The background to the arbitrary impeachment of Castillo and his immediate entourage is clear: it was a direct reprisal against figures who could represent cracks in the corrupt and elitist machinery that has controlled power since the dawn of the republic.

Castillo Image Presidencia de la República del PerúCastillo won the popular vote, and yet they have tried to sabotage his regime at every possible opportunity / Image: Presidencia de la República del Perú

Whilst they preach about the virtues of ‘democracy’ in every other sentence, the rich and powerful, and their right-wing representatives, have violated it every step of the way. Castillo won the popular vote, and yet they have tried to sabotage his regime at every possible opportunity, through attempts at impeachment, media smear campaigns, legal attacks, and all the other tricks in the book.
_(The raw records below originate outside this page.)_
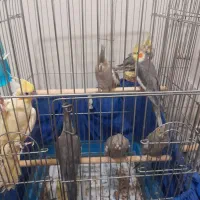 عروس هلندی
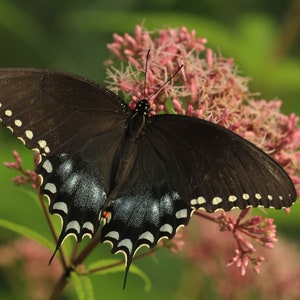 Joe pye weed (Eutrochium purpureum) starter plant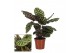 Calathea makoyana 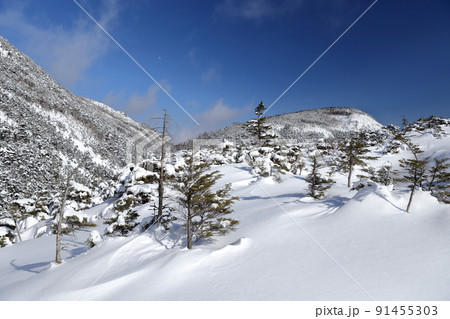 真冬の雪山（北横岳　坪庭自然園　長野県 茅野市） 91455303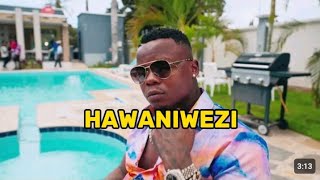 Harmonize - Hawaniwezi (official lyrics video)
The right wing never recognised the popular votes of its own electoral circus, never accepted the voice of the interior regions (where Castillo drew much of his support, and which they always consider second-class citizens), and one of their well-known spokesmen, Congressman Montoya, spent approximately $150,000 of public funds searching for evidence of electoral fraud that led to Castillo's presidential victory. His final report indicated that no evidence was found.

We can see, then, that the powers of the state are aligned under the same script that persecutes, imprisons, or executes its opponents, as they need to set precedents against anyone who poses a threat to their candidates' victory.
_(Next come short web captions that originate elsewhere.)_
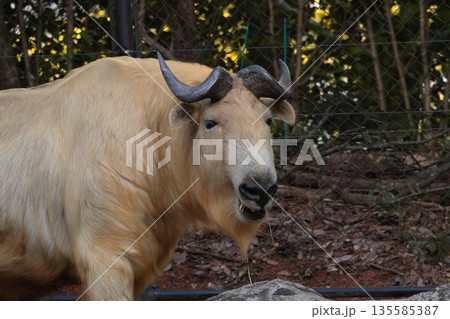 ゴールデンターキン ゴールデンターキン 135585387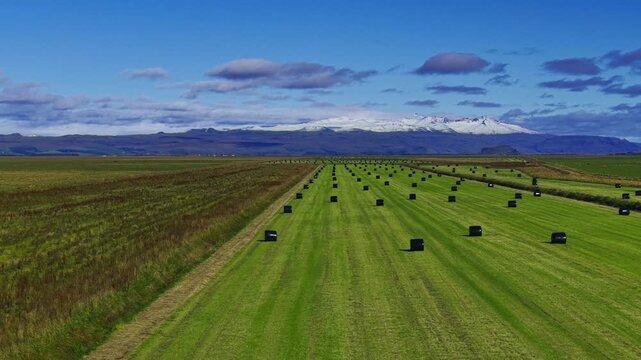 Aerial view of wrapped silage bales in Rangarthing eystra, Iceland.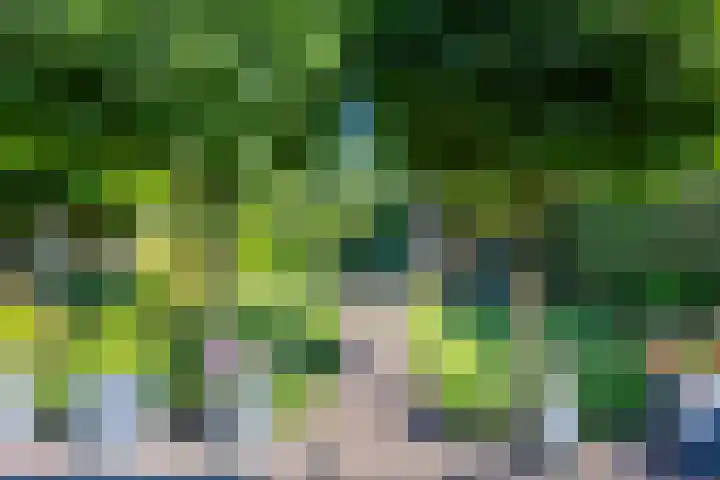 Kromstraat 33 Oss thumbnail 32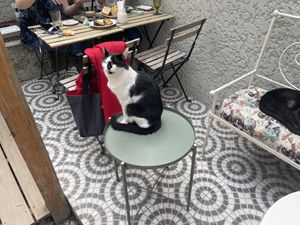 Cat at O Porto dos Gatos in Porto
Weakness invites aggression

However, it is crucial to openly critique the limitations of Castillo's government. Though his electoral programme, built around the slogan of “no more poor people in a rich country,” promised structural transformations, in practice it faltered and was limited to symbolic gestures. It failed to advance key reforms such as the nationalisation of strategic sectors (banks, mining, ports) or the convening of a truly sovereign Constituent Assembly.

Faced with the onslaught of the capitalist oligarchy, he wavered, made concessions, and moderated his language. This ambiguity not only disappointed his voters but also left him politically isolated, without real tools to confront the offensive of the right. Instead of mobilising the people to defend his mandate, he sought to please sectors of the establishment (by offering them political positions), which ultimately facilitated his overthrow and persecution.

But this is not just an attack against Castillo (who is now clearly a political prisoner); it is a direct attack on the working class and social movements in general, who must once again face the onslaught of a police state controlled by the extreme right. This was the case just a couple of years ago, when the peasant, indigenous, and working-class masses took to the streets to reject the coup against Castillo in December 2022 and in the months that followed. The brutal state crackdown against this killed over 50 people.

The lesson for social movements and the left is clear: it is not possible to neutralise the right through offering them concessions. Every gesture of conciliation is interpreted as weakness and fuels their audacity to strike harder. Castillo's experience shows that without a programme to break with capitalism, and without the independent organisation of the working class, any government that even comes close to threatening the rule of the ruling elites will quickly be surrounded and overthrown.

The only guarantee against the reactionary onslaught is to build an organisation of the working class and poor peasants, built on a programme of expropriating the economic power of the bourgeoisie (nationalising banks, multinationals, strategic resources, and monopolies), and that openly confronts imperialist domination. Only in this way can the historical cycle of exclusion and repression of the majority be broken.